**Listed entries**
|---|

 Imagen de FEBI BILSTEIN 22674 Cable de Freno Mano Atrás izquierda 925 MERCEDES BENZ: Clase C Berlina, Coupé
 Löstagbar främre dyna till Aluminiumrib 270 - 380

|---|

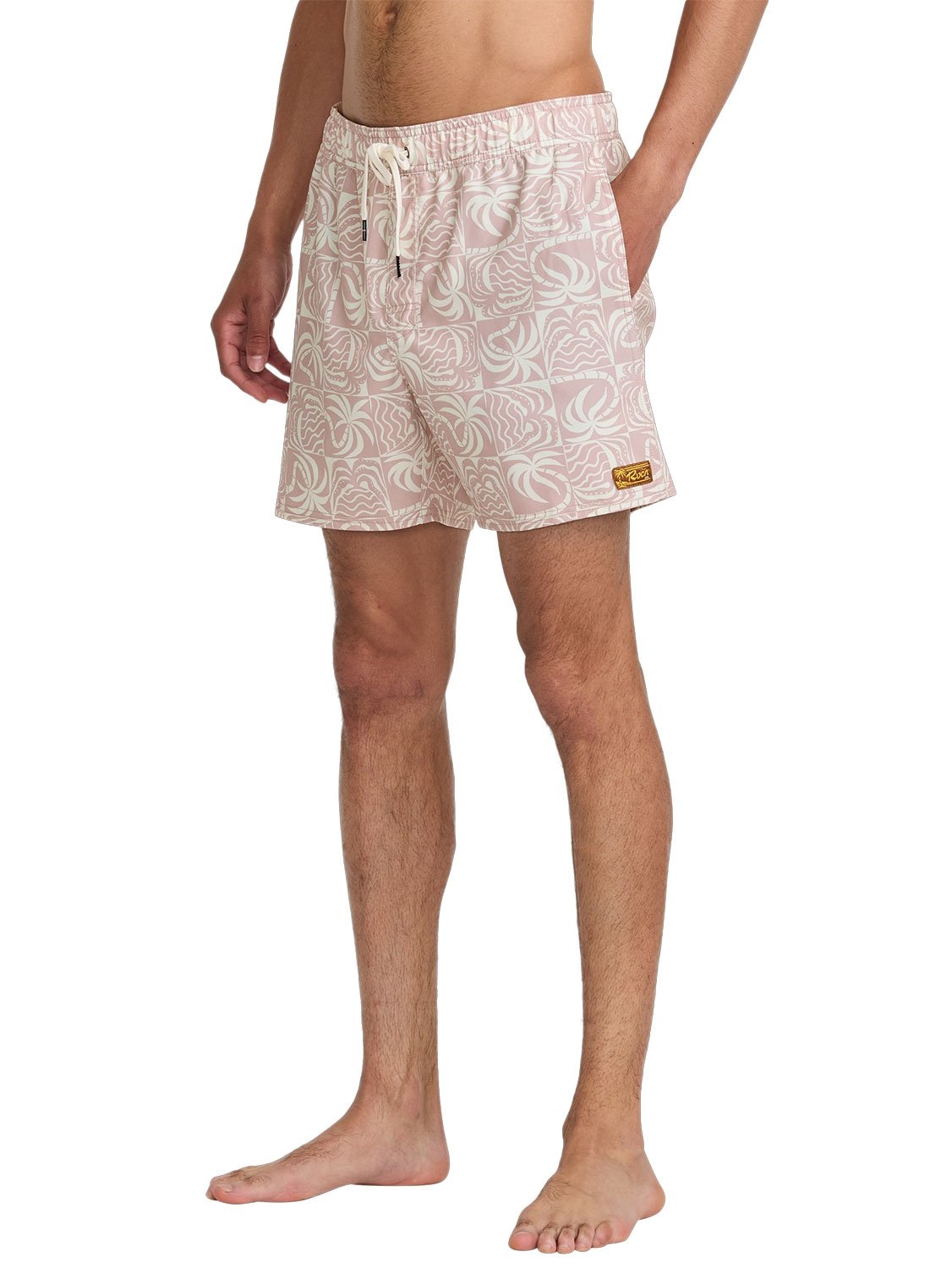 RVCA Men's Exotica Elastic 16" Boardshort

|---|

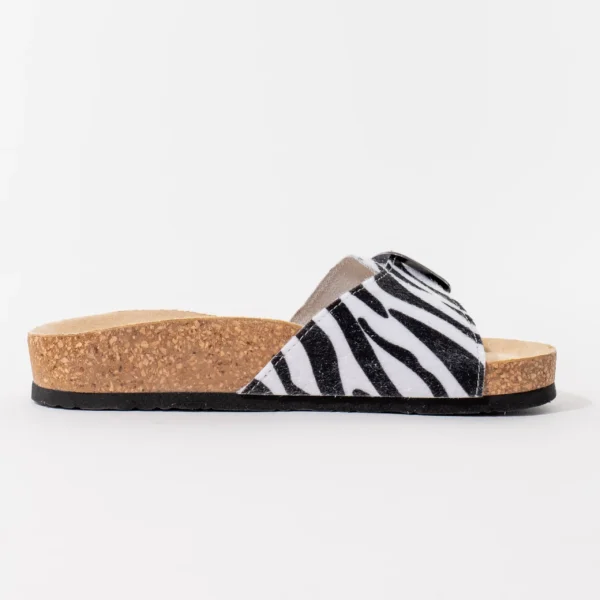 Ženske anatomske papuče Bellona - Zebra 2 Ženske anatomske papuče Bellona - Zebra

|---|

**How to complete this task**
Your task is to retype the entries verbatim, starting with the line that holds "Imagen de FEBI" and stopping after the line that holds "Löstagbar främre dyna".

**Result**
 Imagen de FEBI BILSTEIN 22674 Cable de Freno Mano Atrás izquierda 925 MERCEDES BENZ: Clase C Berlina, Coupé
 Löstagbar främre dyna till Aluminiumrib 270 - 380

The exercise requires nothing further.